== Requirement ==
When a picture appears in the listing, leave it out and copy the rest exactly as it stands.
★ ★ ★ ★
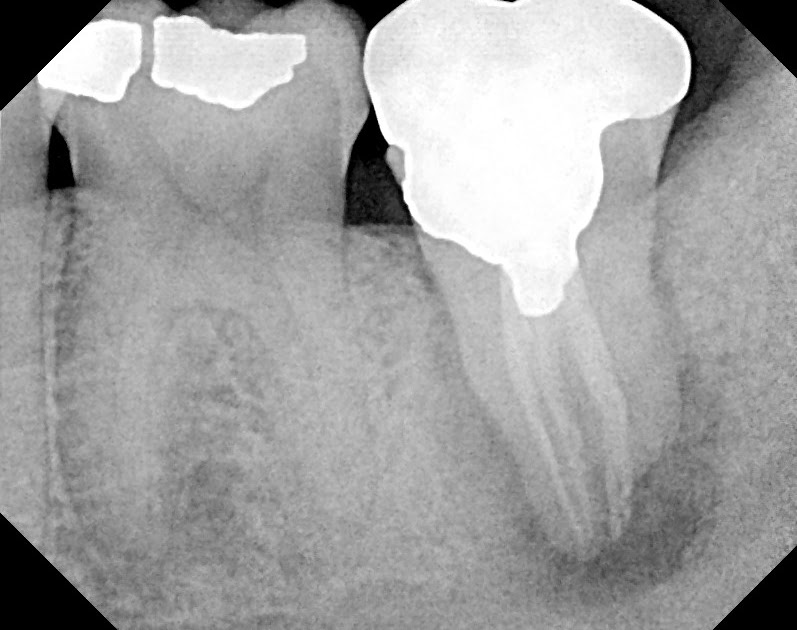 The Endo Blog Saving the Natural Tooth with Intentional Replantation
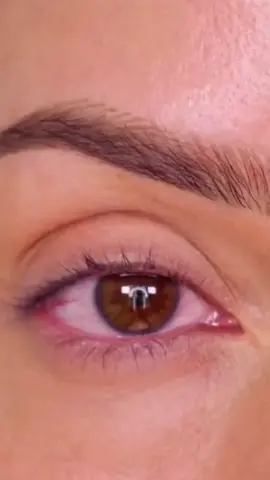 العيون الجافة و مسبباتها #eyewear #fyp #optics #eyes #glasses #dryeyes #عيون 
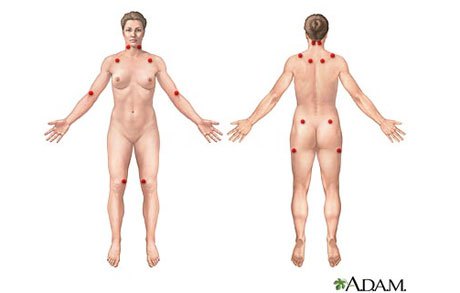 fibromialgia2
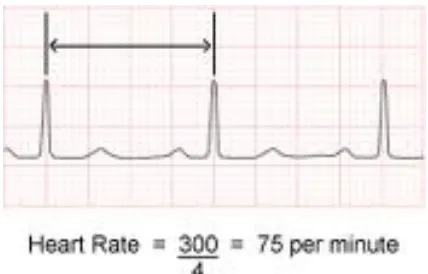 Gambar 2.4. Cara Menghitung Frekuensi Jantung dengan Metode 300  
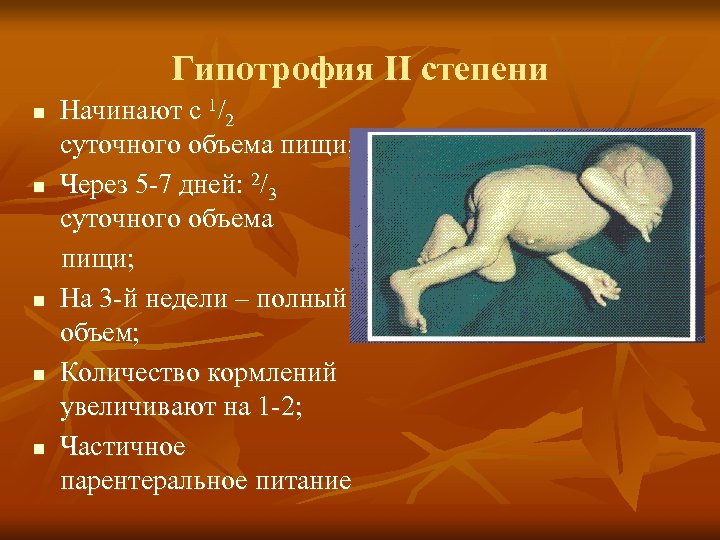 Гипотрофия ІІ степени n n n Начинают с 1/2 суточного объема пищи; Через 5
★ ★ ★ ★
== Problem solution ==
 The Endo Blog Saving the Natural Tooth with Intentional Replantation
 العيون الجافة و مسبباتها #eyewear #fyp #optics #eyes #glasses #dryeyes #عيون 
 fibromialgia2
 Gambar 2.4. Cara Menghitung Frekuensi Jantung dengan Metode 300  
 Гипотрофия ІІ степени n n n Начинают с 1/2 суточного объема пищи; Через 5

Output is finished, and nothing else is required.